Essentially, Halloween speaks volumes in its simplicity, as Carpenter and co-writer Debra Hill don’t really deal too specifically with any backstory, pushing us from Michael as a child to his return to Haddonfield as quickly as possible. His murder motives aren’t really explained that well either in the beginning, as he watches Laurie hide a key so his childhood home can be sold, and then immediately starts stalking her.
This is where Halloween shines brightest, as the cat and mouse game between Myers and Loomis begins, and Michael starts appearing in random background locations. Again, he’s not doing anything terribly menacing, mostly just standing and breathing heavily – but this becomes unsettling rather quick. It’s midday, the sun is shining, people are walking about the streets, yet here’s Laurie looking directly at a brooding masked man staring her down like a statue. No flinching, no moving – this is where Michael strikes the most fear. Carpenter draws so much from these moments with the help of cinematographer Dean Cundey, be it Michael appearing from the shadows while chasing Laurie during the final scenes, or his long-distance appearances from behind bushes or cars, but Carpenter begins to invade our psyche with every shot, drilling home the notion that Myers is always watching, always waiting, and is always there. You want your horror? There you go.

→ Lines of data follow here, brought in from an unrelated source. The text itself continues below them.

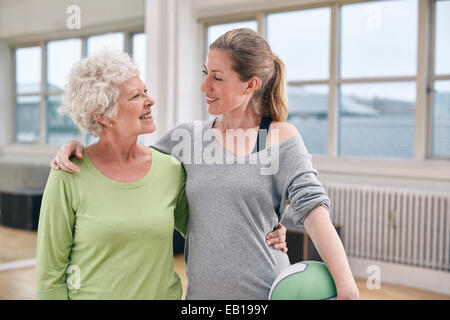 Portrait of happy senior woman with her personal trainer at gym. Two women standing together looking at each other. Stock Photo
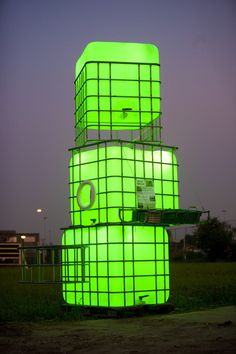 two large green containers sitting on top of each other in front of a building at night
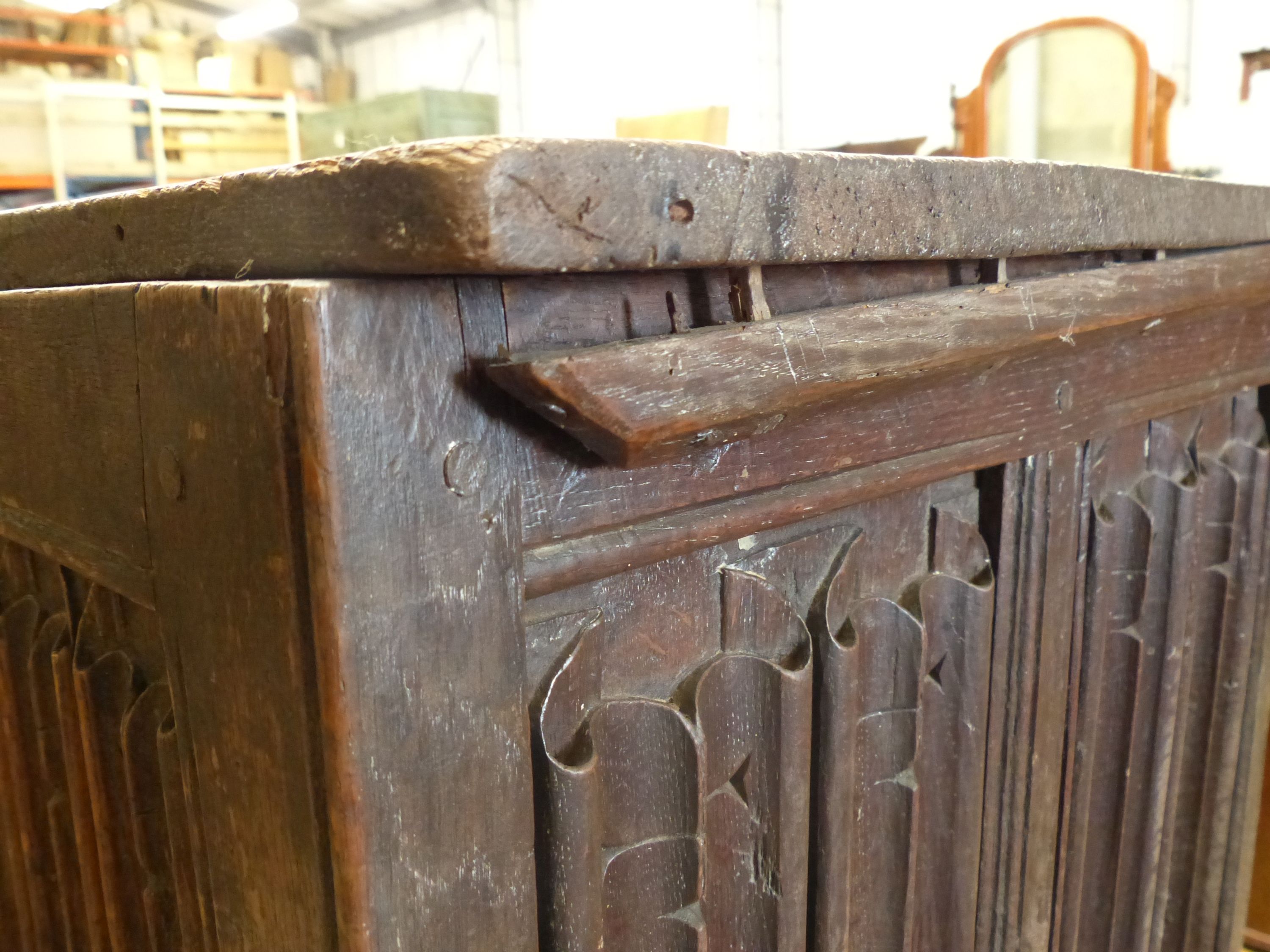 A carved and panelled oak chest, length 129cm, depth 51cm, height 63cm - Image 4 of 6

Jumping to the Blu-Ray aspects, an all new high definition transfer was supervised and approved by cinematographer Dean Cundey himself, and it offers a rather crisp experience given the fact that Halloween was filmed in 1978. Don’t think you’ll be getting a crystal clear picture because of this, but there’s definitely an upgrade from other versions. As for the sound mixing, I did hope for a little bit better of a product, as some of the dialogue was unbalanced compared to Halloween‘s score. Not important stuff, but I noticed in the beginning scenes especially, looking through Michael’s eyes, it was hard to make out what Judith and her boyfriend were bantering about. It’s not a dealbreaker by any means, but for a 35th Anniversary Blu-Ray update, the sound quality could have used a little more work.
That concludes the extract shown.